▸ Your goal
All of the data that follows should be retyped exactly, please, except the pictures.

▸ Dataset excerpt
________________________________________

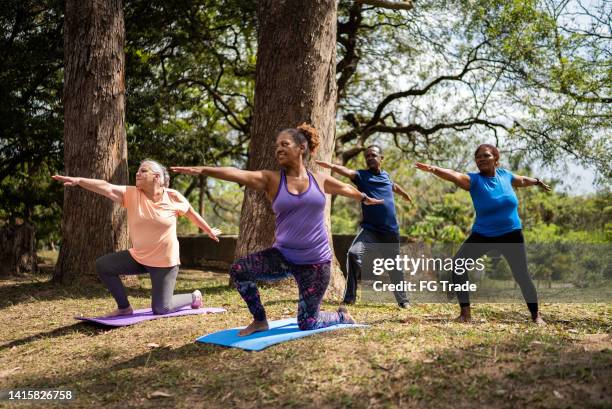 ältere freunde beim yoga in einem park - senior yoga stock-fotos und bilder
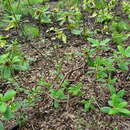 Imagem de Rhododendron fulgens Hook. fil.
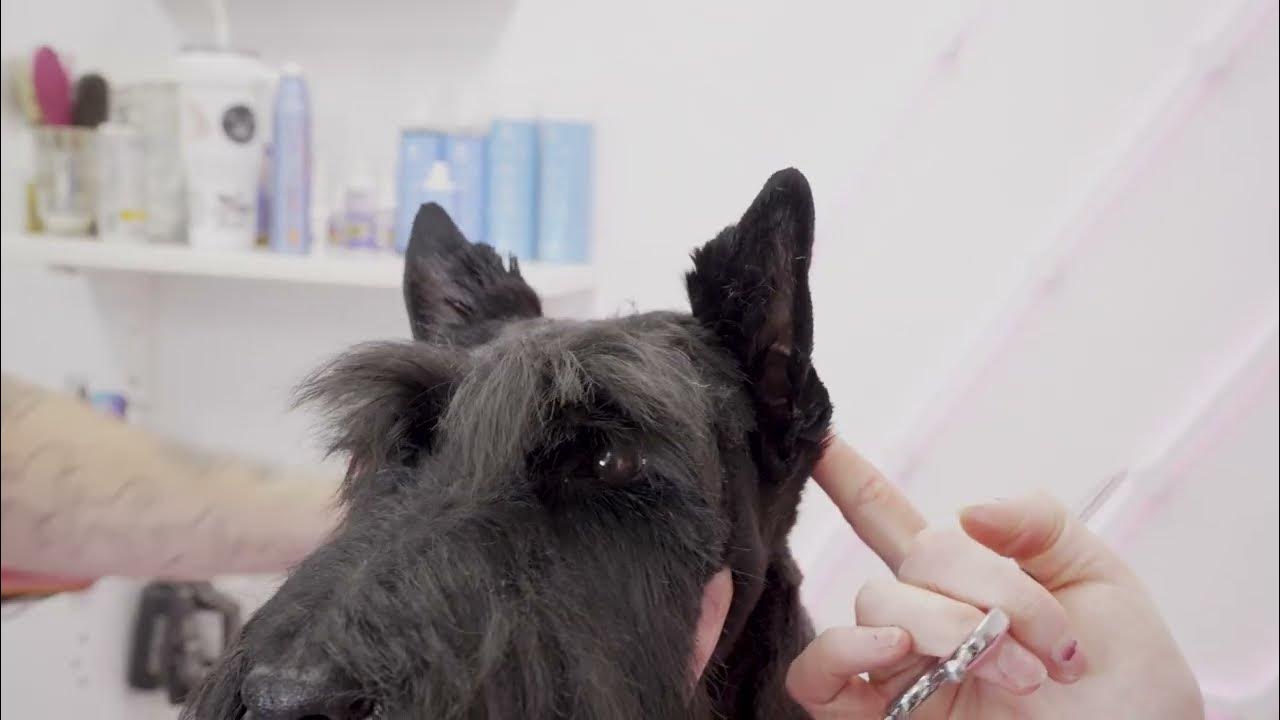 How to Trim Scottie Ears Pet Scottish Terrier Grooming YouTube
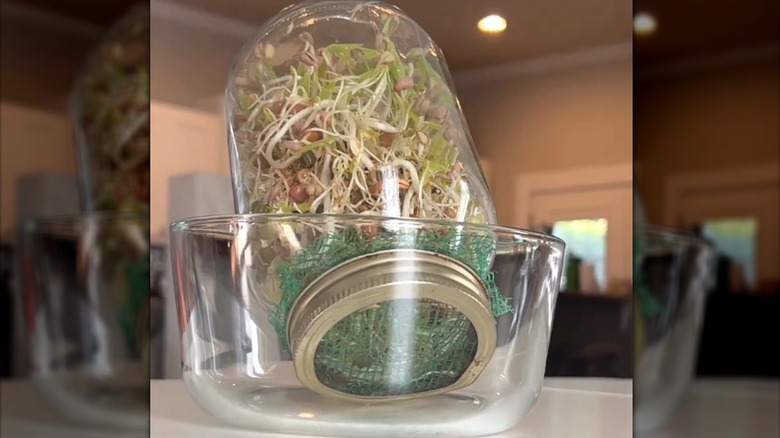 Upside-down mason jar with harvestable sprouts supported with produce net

________________________________________

▸ Solution to this task
 ältere freunde beim yoga in einem park - senior yoga stock-fotos und bilder
 Imagem de Rhododendron fulgens Hook. fil.
 How to Trim Scottie Ears Pet Scottish Terrier Grooming YouTube
 Upside-down mason jar with harvestable sprouts supported with produce net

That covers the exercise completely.